I don’t like the word ‘failure.’
In fact, I don’t really understand it. To me, ‘failure’ implies reaching the end of something—like you’ve done all you could and you still came up empty, or that you were attempting something and completely messed up. Or, if you’re using it as a noun, that you are a person who has just utterly f*cked up.
But when I think of reaching an end, or being empty, or destroying something, I think of new beginnings, not failure.
When you fail at something, it means you have a fair shot at starting over. Because what else to do you have left? Sure, you can definitely mess something up big time, but you always have a chance to begin again.
And you can’t really fail when there’s always room to try one more time.
See, that’s why I don’t agree with the word. Yes, there can definitely be a right and wrong way to do something, or directions to follow that you completely strayed from, or you could try and try and still not get what you want.
But even if you don’t do something right, even if you messed up somewhere along the way, and even if you don’t get what you want in the end—it doesn’t mean you failed.
Failure implies that there’s nowhere left to go, but when you hit rock bottom, the only place to go is up.

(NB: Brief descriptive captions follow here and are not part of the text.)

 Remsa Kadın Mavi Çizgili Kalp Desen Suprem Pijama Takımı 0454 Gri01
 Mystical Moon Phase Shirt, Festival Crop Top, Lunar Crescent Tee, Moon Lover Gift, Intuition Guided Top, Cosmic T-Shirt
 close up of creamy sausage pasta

And the thing I don’t understand about ‘failing’ is the fact that you can forever start again. You can always hit restart—begin that same thing, or begin something new.

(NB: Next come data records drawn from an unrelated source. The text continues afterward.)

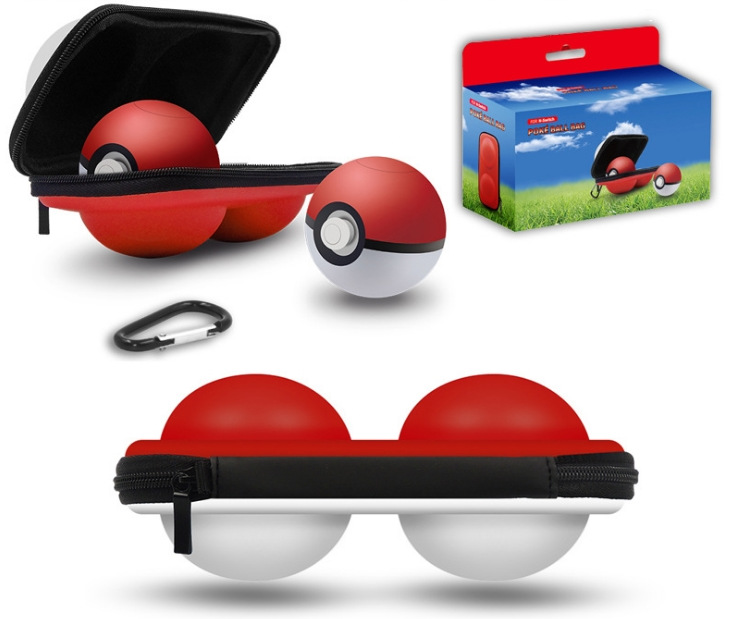 switch精灵球收纳包 新款精灵宝可梦保护袋 NS精灵球2个装保护套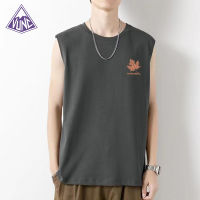 VUNC เสื้อยืดคอกลมแขนกุดรถถังสไตล์ญี่ปุ่นเรียบง่ายคอกลมสำหรับผู้ชาย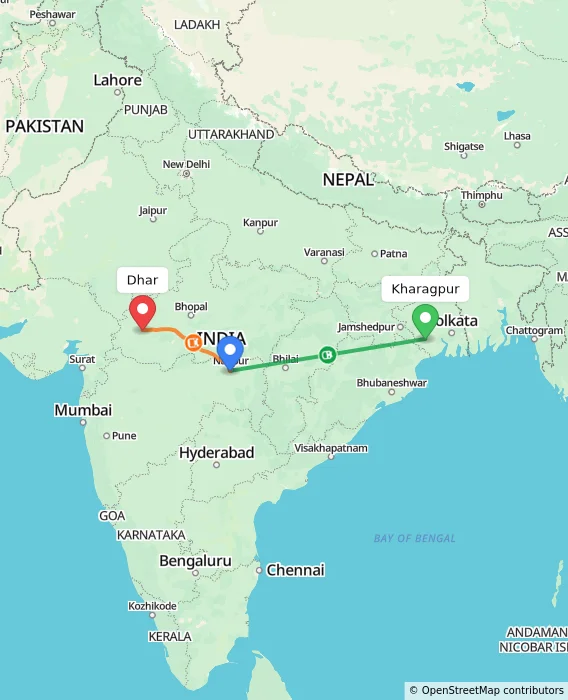Route map showing distance and travel time from Kharagpur, India to Dhar, India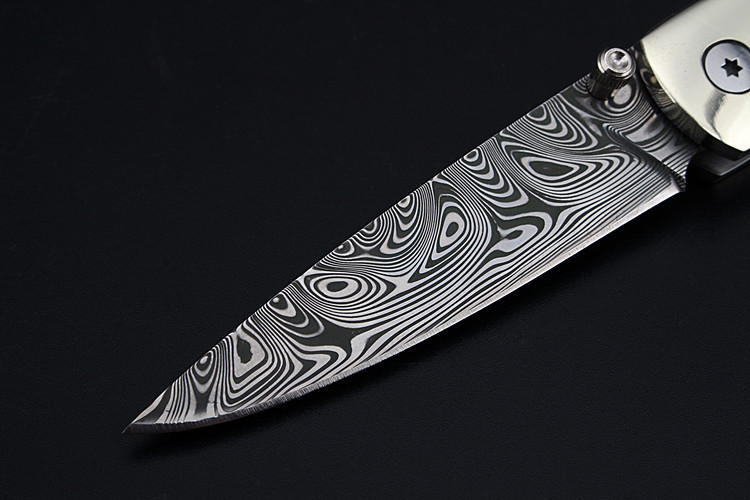 cold archery多用工具 进口瑞粉大马士革钢刀 黑檀木刀 收藏礼品观赏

And in getting yourself back up, you’re totally shedding that ‘failure’ skin.
You’re not a failure. Or at least not permanently.
When I think about the word ‘failure,’ I think about the word ‘success.’ But what I don’t understand is why we see them as polar opposites—like if you don’t succeed, you fail. That’s absolutely not true.
Just because you don’t succeed at something doesn’t mean you’ve failed.
Maybe you’ve gained something else along the path. Or in the very least, maybe you’ve learned. And learning something definitely does not equate to failing.
Just the other night I was talking to one of my very best friends about failure. Someone close to her had said she’d failed, and like any normal human, she took that to heart, feeling like she’d never be good enough.
Her words really affected me. I wanted nothing more than to squeeze her, to pinch her, to tell her that feeling down was completely wrong. She wasn’t a failure and never would be. She was a fighter, a girl who always found a way back up after she’d been knocked down.
That’s not failing.
But she was stuck in her head, and no matter what I said, she couldn’t shake the feeling that she hadn’t ‘succeeded,’ so maybe that person was right, maybe she’d failed.
Even days later, I’m still thinking about her words, spinning them around in my head. It’s such a shame that the world sees failure by standards set by others, by the world.
You’re not a failure just because you didn’t make it to some mark set by society, or even if you don’t reach the goal you set for yourself.
You still have opportunities to try again. And you sure as hell tried, which counts. (And to be honest, trying lies more on the ‘success’ end of the spectrum than the ‘failed.’)
We all fall down.
And we’ll keep falling down.
Because this is life. Because this is normal. Because being a human is hard and our journey is all about finding ourselves after we’ve slipped. Finding ways to regain our footing over and over again.
No matter how many times you fall down, you’ll never be a failure.
That’s because you’ll keep getting up. That’s because you are and will always be good enough. And that’s because the opposite of success is not failure—it’s finding strength.
And I promise you, you’re stronger than you think.